## Work order
The copy you return must begin at the line containing "Entrada del edificio" and end at the final line of the listing below, with every picture left out.

■ ■ ■

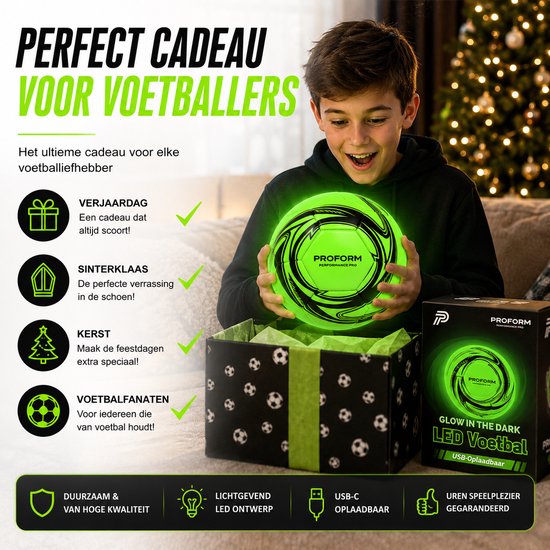 Jongen met een lichtgevende groene voetbal. "Perfect cadeau voor voetballers" tekst.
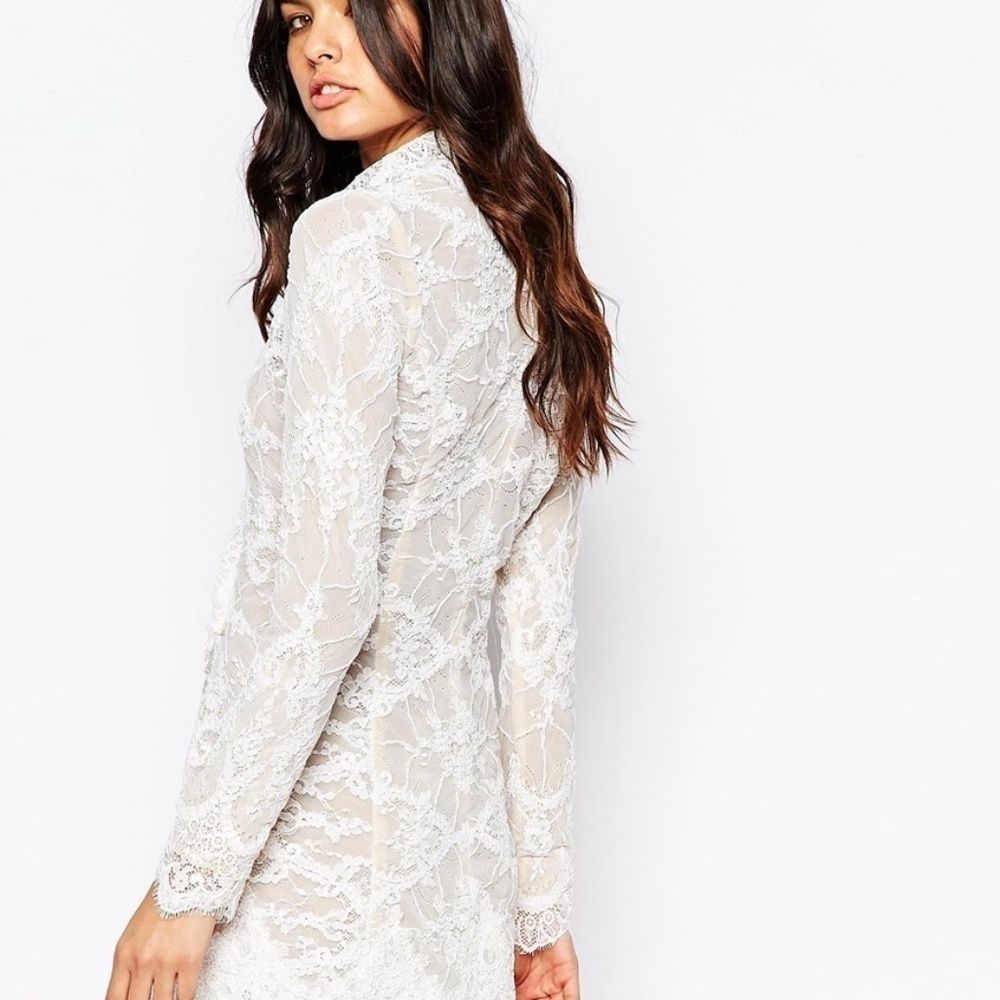 Stone Cold Fox  Dress White Lace  Scoop Neck Dress NWOT~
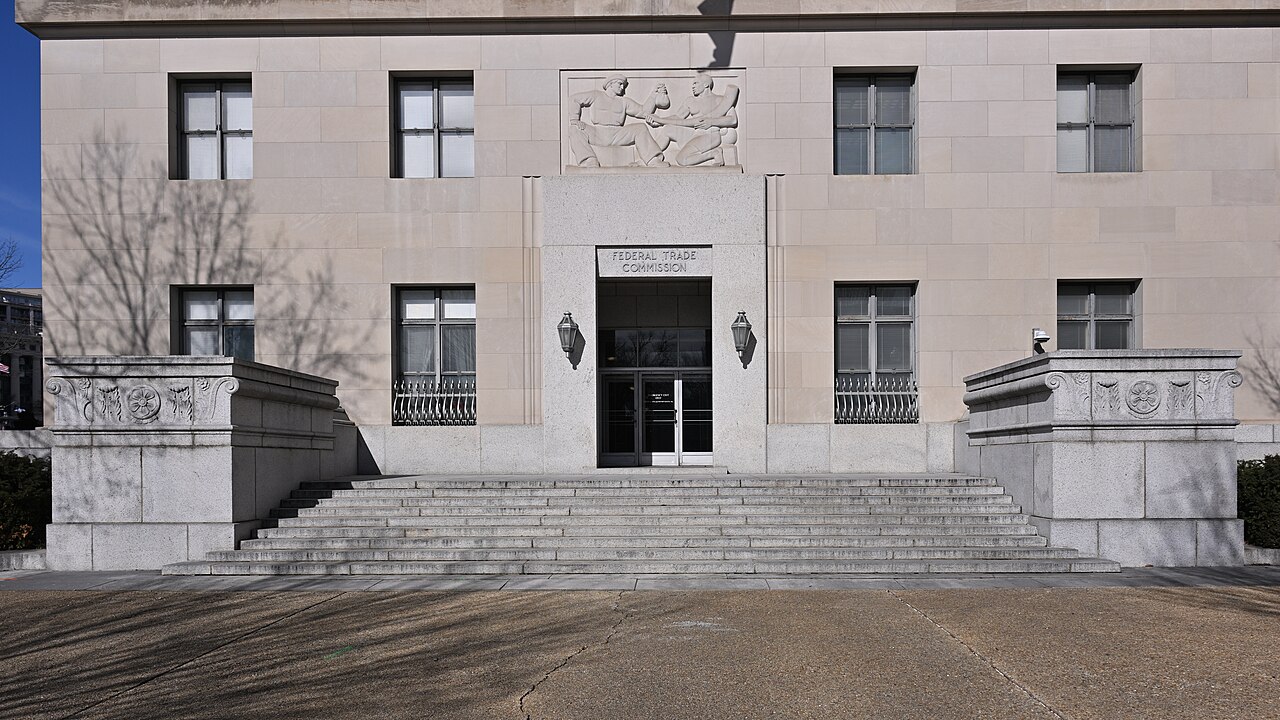 Entrada del edificio de la Comisión Federal de Comercio de Estados Unidos en Washington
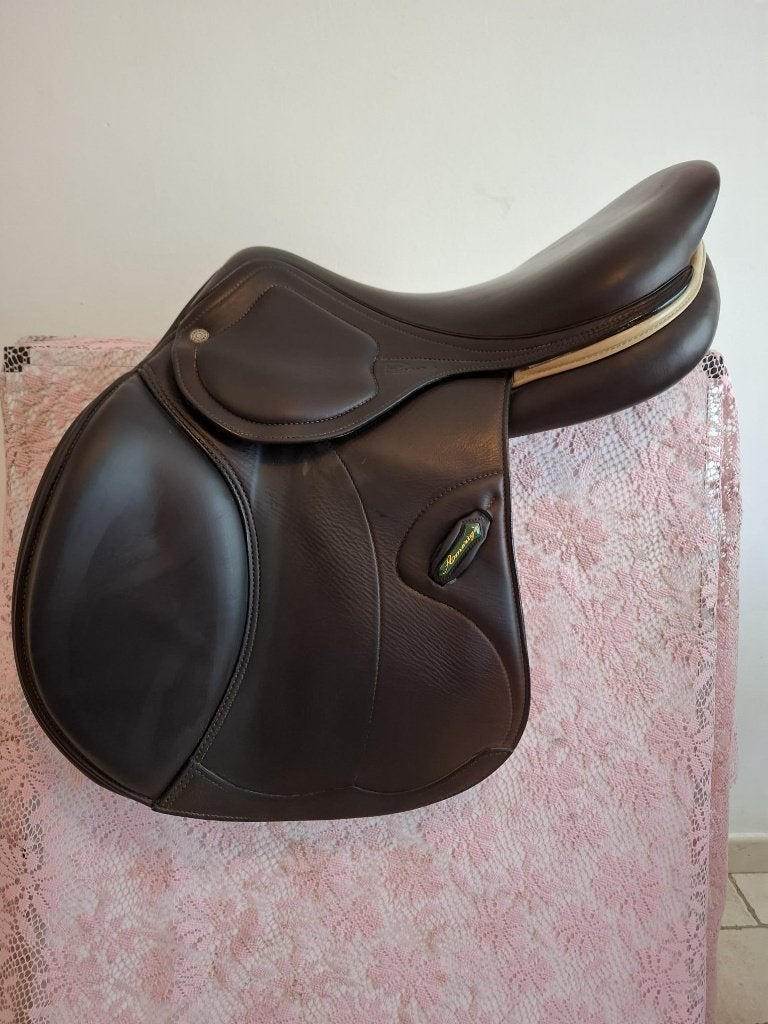 Amerigo Pinerolo DJ Salto springzadel 17 inch, Dieren en Toebehoren, Ophalen, Amerigo, Amerigo, Amerigo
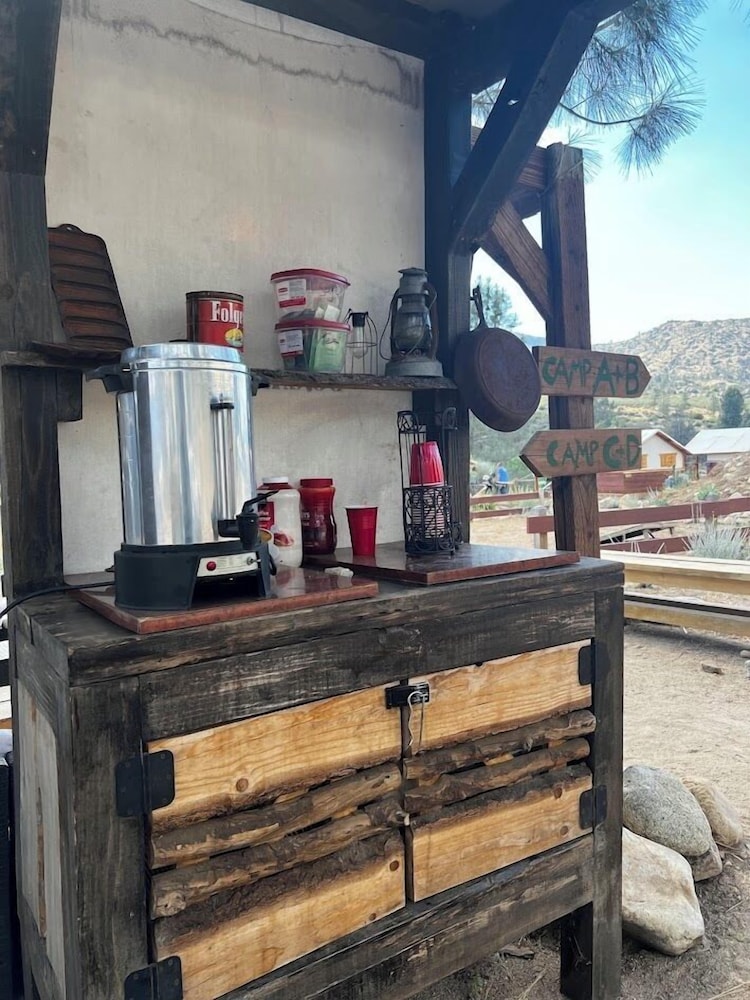 Socal Camping Resort - photo 10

■ ■ ■

## Expected answer
 Entrada del edificio de la Comisión Federal de Comercio de Estados Unidos en Washington
 Amerigo Pinerolo DJ Salto springzadel 17 inch, Dieren en Toebehoren, Ophalen, Amerigo, Amerigo, Amerigo
 Socal Camping Resort - photo 10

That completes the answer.